At the same time, some employers have begun offering rainy day savings tools outside of their workplace retirement plans. Details may vary by employer and provider.

In January for example. Whole Foods Market began offering an emergency savings program through Fidelity. Employees can have money deposited through payroll deductions and withdraw it as needed. It joined companies like Delta Air Lines, which began offering an emergency savings program through Fidelity in January 2023.

Employees who enroll in Delta's program open a cash management account with Fidelity. After completing the required financial coaching, they will receive a $750 deposit from Delta. The airline will then match up to $250 in employee contributions. Last fall, 21,500 employees had participated, a Delta spokesperson said.

Here are some questions and answers about emergency savings:

That depends on your financial situation. A general rule of thumb is to save at least three months of living expenses, but that can seem intimidating to some people. Research shows that even smaller savings can help people avoid turning to risky alternatives, such as high-interest credit cards. America savesan initiative of the Consumer Federation of America, recommends starting with $500.
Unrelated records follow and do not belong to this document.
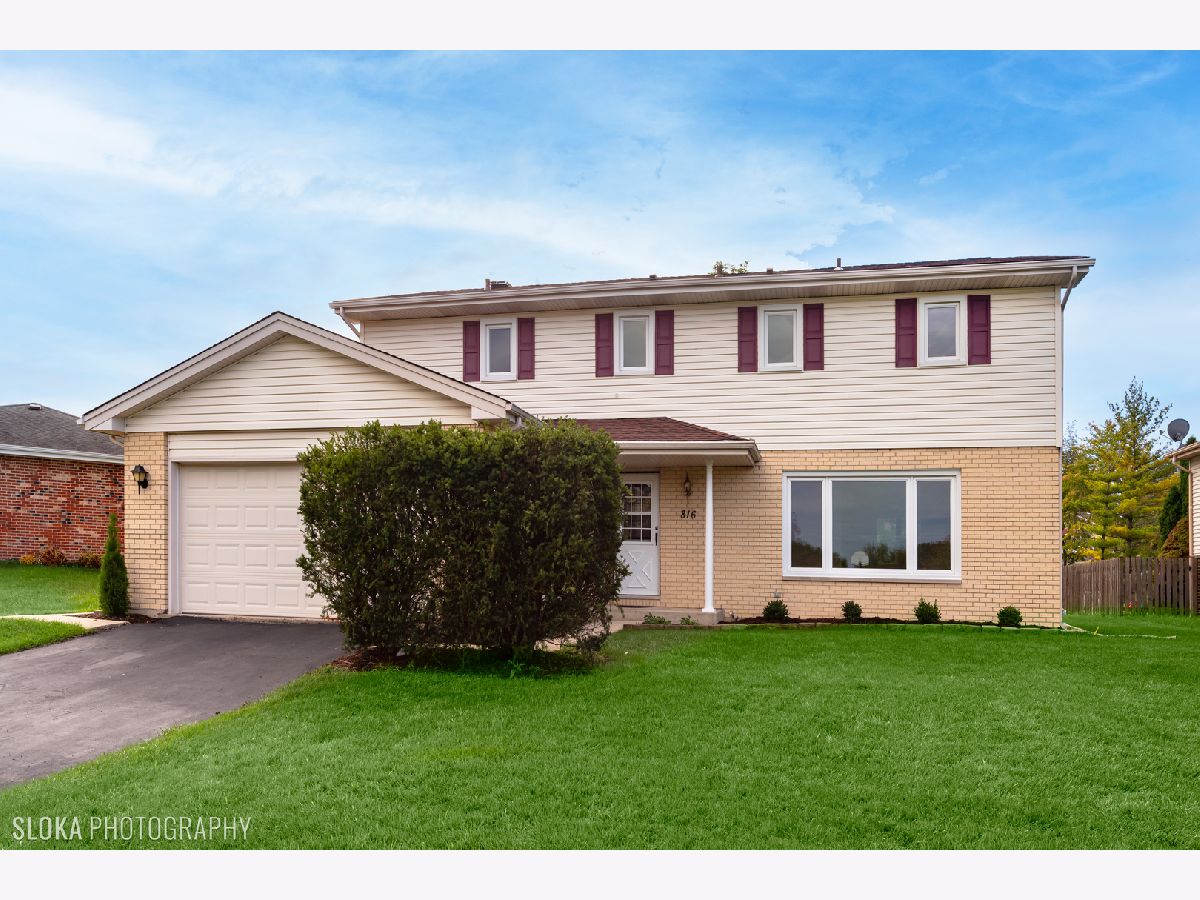 Homes Sold Hilltop Manor Schaumburg Illinois, 816 Apple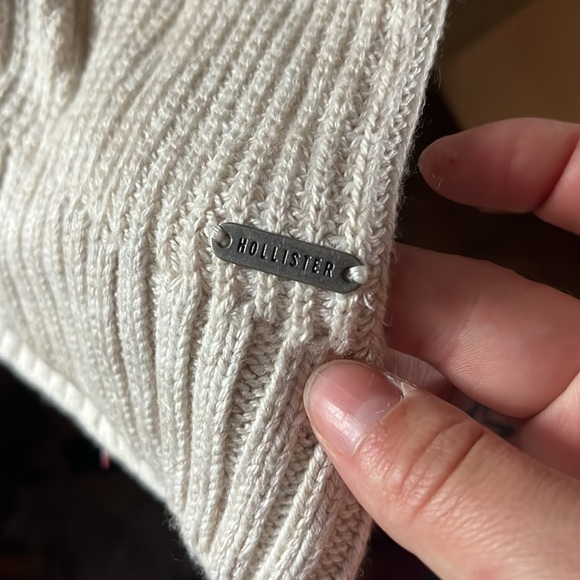 Cream Hollister cardigan - Picture 3 of 4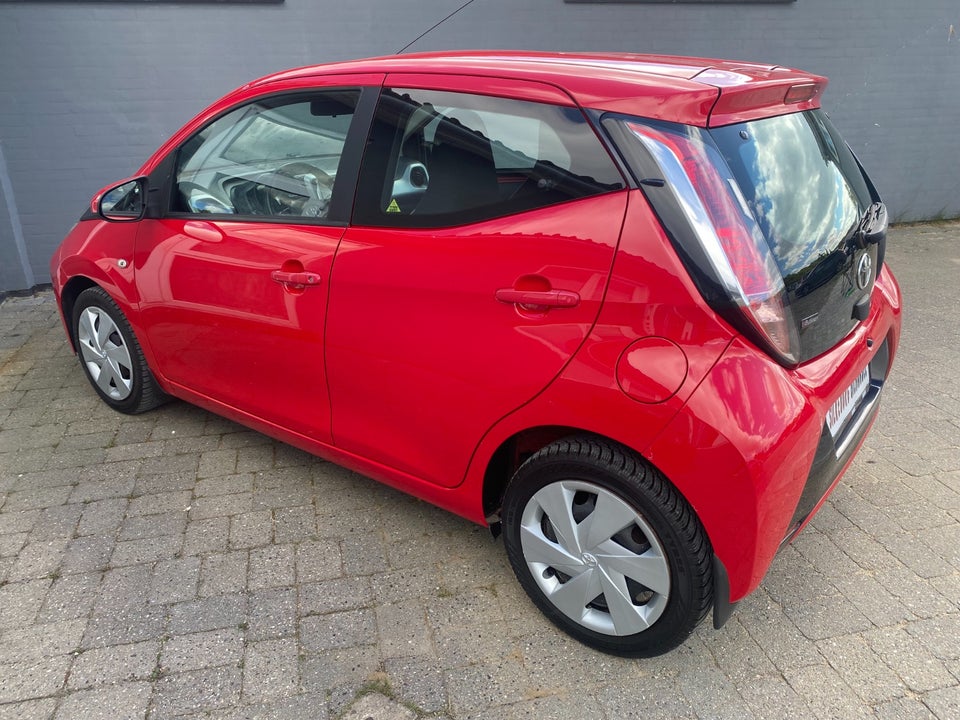 Toyota Aygo 1,0 VVT-i x-black 5d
Either way – or a combination of both – can work, depending on what's best for your situation. It's tax time and many filers are getting a significant refund. The average federal reimbursement last year it was just under $3,200, the Internal Revenue Service reported. Set aside A part of your refund in a savings account can help you start your emergency fund.

Probably not. Most employers offer and allow electronic deposits “split deposits,” where you automatically transfer part of your salary to a separate savings account. Ask your payroll department about this. Normally you have to fill in an application form with your bank account number. Alternatively, banks, credit unions and many budgeting apps offer automatic transfers from your checking account to a savings account.